A cursory glance at the recent news reports on the Mahatma Gandhi National Rural Employment Guarantee Scheme (MNREGA) in the district of Dehradun shows that all is not well with the ambitious wage employment guarantee programme. The programme that was devised to help control distress migration and provide livelihood to BPL families in select rural areas has incurred expenditure worth crores of rupees, but the Block Development Officers (BDOs) concerned in the district do not have any record of these expenses.
This leads us to two things. One – that the works were faithfully executed and the programme went on as per the schedule to achieve the set target, but the financial records were not updated. Second – that there has been gross mismanagement in the implementation of the scheme possibly leading to attempts by officials to cover up for their negligence. Under the circumstances, it appears more plausible that the officials have indeed botched up the scheme which is also amply reflected in their action of not revealing the expense account details in time.
In Dehradun, the initial progress of the scheme was at best tardy. Not even four thousand villagers could get employment during the initial sixteen months. In fact, this is the same district where even after preparation and distribution of about 18 thousand job-cards in eleven gram panchayats, just about two percent of these could get employment. This is also the district, where in the initial stages, no employment could be provided to even a single person in as many as 41 Gram Panchayats under the scheme. What is even more shocking are reports in the media regarding several on–going schemes in the Gram Panchayats in which the muster–rolls of works have not been properly maintained.
It is often said that the Banyan tree looks massive and strong from the outside, ‘the root is not visible so only God knows about it’, and the trunk is hollow from within. A situation something like this exists in the district where due to various acts of omission and commission by ‘responsible’ people, the roots of MNREGA have become totally hollow. The situation continues to prevail while officials feign an exceedingly serious attitude regarding the scheme. The BDOs are ‘strictly’ told that no negligence of any kind would be tolerated at any cost. They are also given instructions to visit villages to mobilize and encourage villagers to work under the MNREGA scheme. But the results are not visible on the ground.
MNREGA is undoubtedly the most important productive employment programme in independent India and the largest in the world.
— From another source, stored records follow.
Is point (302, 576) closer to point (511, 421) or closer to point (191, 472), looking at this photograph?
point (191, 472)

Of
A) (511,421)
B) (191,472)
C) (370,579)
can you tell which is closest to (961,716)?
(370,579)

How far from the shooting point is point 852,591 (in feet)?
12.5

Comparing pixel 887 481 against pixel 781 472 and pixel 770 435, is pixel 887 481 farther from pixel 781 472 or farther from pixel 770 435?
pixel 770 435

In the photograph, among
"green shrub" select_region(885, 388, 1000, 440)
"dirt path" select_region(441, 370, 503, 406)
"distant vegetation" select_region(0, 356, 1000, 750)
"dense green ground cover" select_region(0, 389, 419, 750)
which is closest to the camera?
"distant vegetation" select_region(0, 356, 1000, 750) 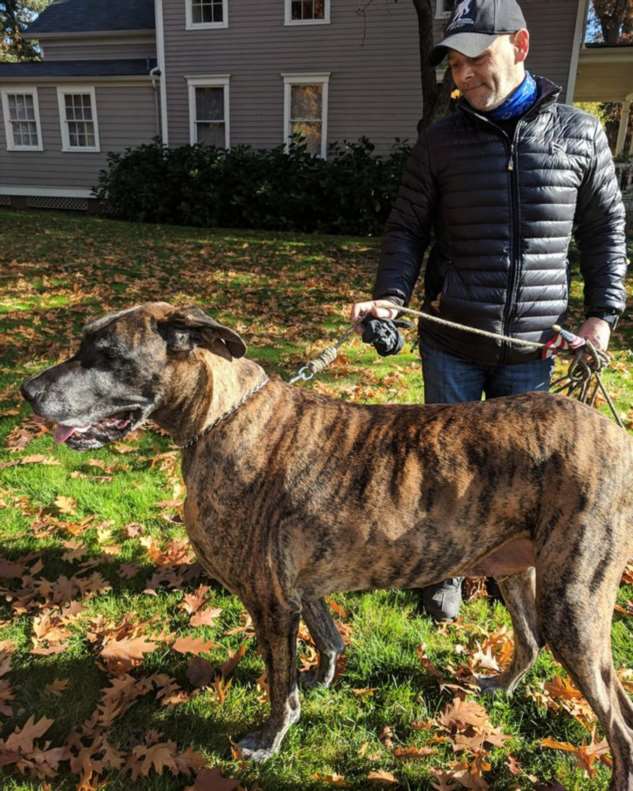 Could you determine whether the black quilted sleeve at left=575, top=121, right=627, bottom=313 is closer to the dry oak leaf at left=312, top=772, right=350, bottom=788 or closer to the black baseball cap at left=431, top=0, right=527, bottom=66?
the black baseball cap at left=431, top=0, right=527, bottom=66

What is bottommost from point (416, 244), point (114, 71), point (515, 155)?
point (416, 244)

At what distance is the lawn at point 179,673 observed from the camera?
8.64 ft

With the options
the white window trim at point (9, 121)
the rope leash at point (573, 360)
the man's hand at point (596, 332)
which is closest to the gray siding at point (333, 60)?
the white window trim at point (9, 121)

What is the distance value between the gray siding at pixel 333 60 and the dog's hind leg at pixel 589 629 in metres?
17.4

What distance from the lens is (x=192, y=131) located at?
19.5 m

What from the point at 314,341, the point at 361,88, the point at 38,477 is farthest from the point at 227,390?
the point at 361,88

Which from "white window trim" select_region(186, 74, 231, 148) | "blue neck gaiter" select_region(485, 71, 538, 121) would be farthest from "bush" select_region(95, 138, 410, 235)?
"blue neck gaiter" select_region(485, 71, 538, 121)

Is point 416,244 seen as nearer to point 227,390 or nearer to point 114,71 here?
point 227,390

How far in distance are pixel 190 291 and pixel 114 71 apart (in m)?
14.3

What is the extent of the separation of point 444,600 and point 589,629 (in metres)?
1.26

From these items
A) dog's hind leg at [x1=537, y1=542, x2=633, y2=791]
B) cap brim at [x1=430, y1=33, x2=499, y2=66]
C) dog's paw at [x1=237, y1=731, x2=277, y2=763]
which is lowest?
dog's paw at [x1=237, y1=731, x2=277, y2=763]

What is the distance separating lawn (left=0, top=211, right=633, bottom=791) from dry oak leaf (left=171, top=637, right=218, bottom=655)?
1 cm

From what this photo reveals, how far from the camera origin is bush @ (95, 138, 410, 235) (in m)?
16.0

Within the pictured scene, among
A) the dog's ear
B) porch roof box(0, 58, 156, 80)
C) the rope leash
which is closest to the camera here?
the dog's ear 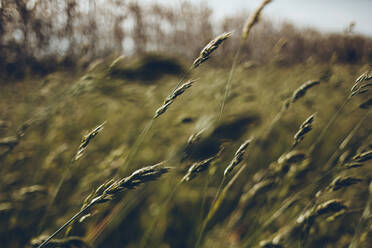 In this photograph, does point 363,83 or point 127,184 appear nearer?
point 127,184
The outlays on the programme are enormous, but its implementation has come under public scrutiny and has brought to light several shortcomings. The hiding of expense accounts by BDOs is one such shortcoming that needs to be seriously looked into. This should be taken note of by the authorities as a blatant attempt to sweep the dirt under the carpet. It is time grassroot activists and the beneficiaries together carried out an intensive social audit to correct the deficiencies to make MNREGA a genuine instrument for emancipating the rural poor.